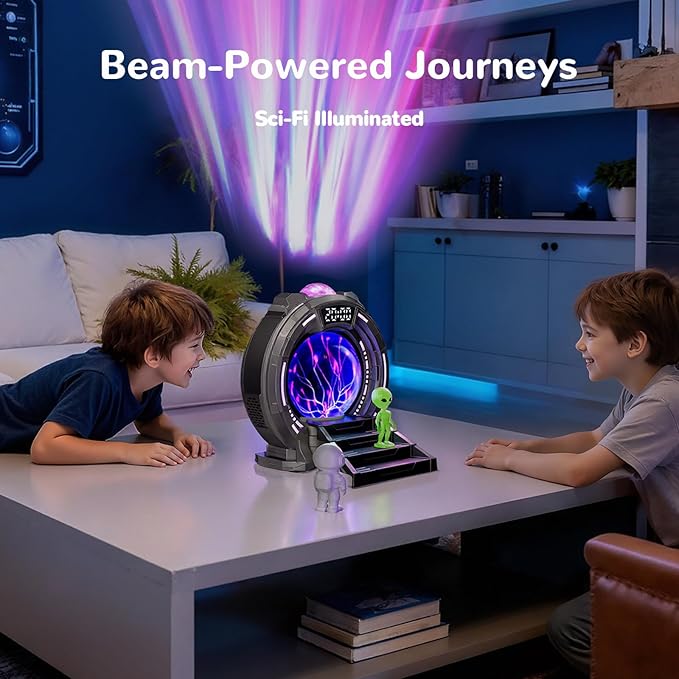 Galactic Portal Galaxy Projector Lamp with Plasma Ball – Aurora Projector Night Light with Bluetooth Speaker, Astronaut & Alien Room Decor for Kids & Teens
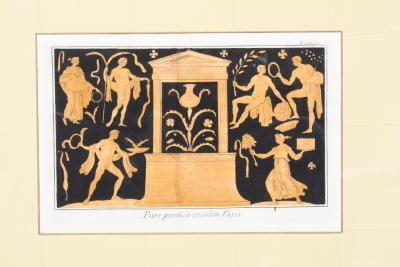 Set of Eight Colored Engravings Of Etruscan Vase Designs After William Hamilton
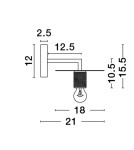 Kinkiety - Luces Exclusivas BAJIO Ścienna Nowoczesna czarny 1xE27 max 12W LE43609 - produkt 2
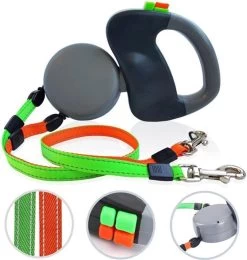 Merkloos Dubbele Hondenriem Voor Twee Honden - Grijs - Tot 22 Kg (per Hond) - 300 Cm -Hondenbenodigdheden 1139x1200 1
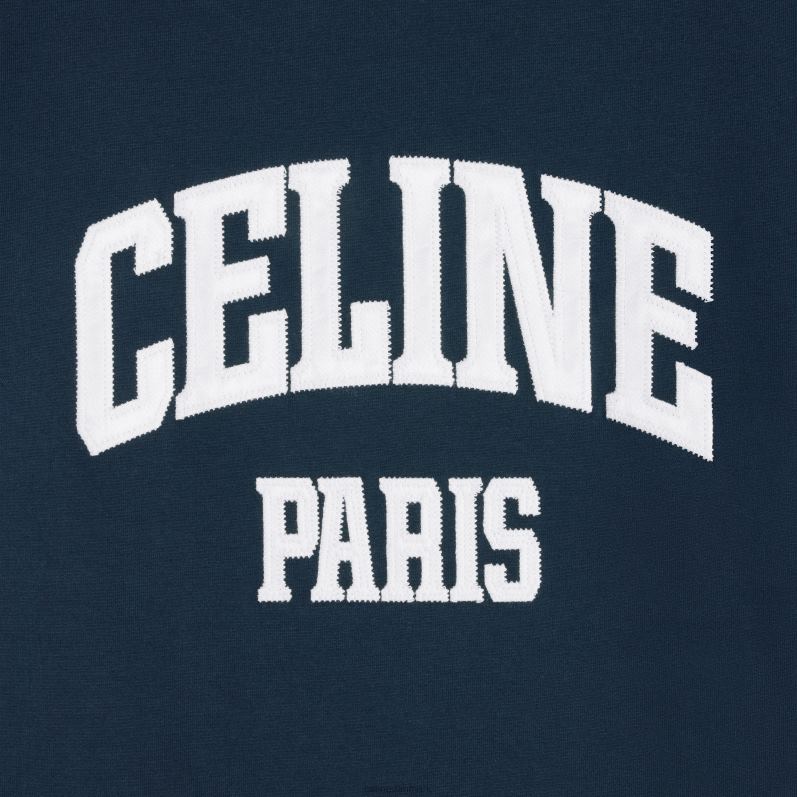 CELINE Kvinder paris 70'er t-shirt i bomuldsjersey F44FV675 beklædning marineblå/råhvid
■ ■ ■ ■ ■ ■ ■
ASSIGNMENT →
Reproduce all the records verbatim, excluding images.

ANSWER SECTION →
 Galactic Portal Galaxy Projector Lamp with Plasma Ball – Aurora Projector Night Light with Bluetooth Speaker, Astronaut & Alien Room Decor for Kids & Teens
 Set of Eight Colored Engravings Of Etruscan Vase Designs After William Hamilton
 Kinkiety - Luces Exclusivas BAJIO Ścienna Nowoczesna czarny 1xE27 max 12W LE43609 - produkt 2
 Merkloos Dubbele Hondenriem Voor Twee Honden - Grijs - Tot 22 Kg (per Hond) - 300 Cm -Hondenbenodigdheden 1139x1200 1
 CELINE Kvinder paris 70'er t-shirt i bomuldsjersey F44FV675 beklædning marineblå/råhvid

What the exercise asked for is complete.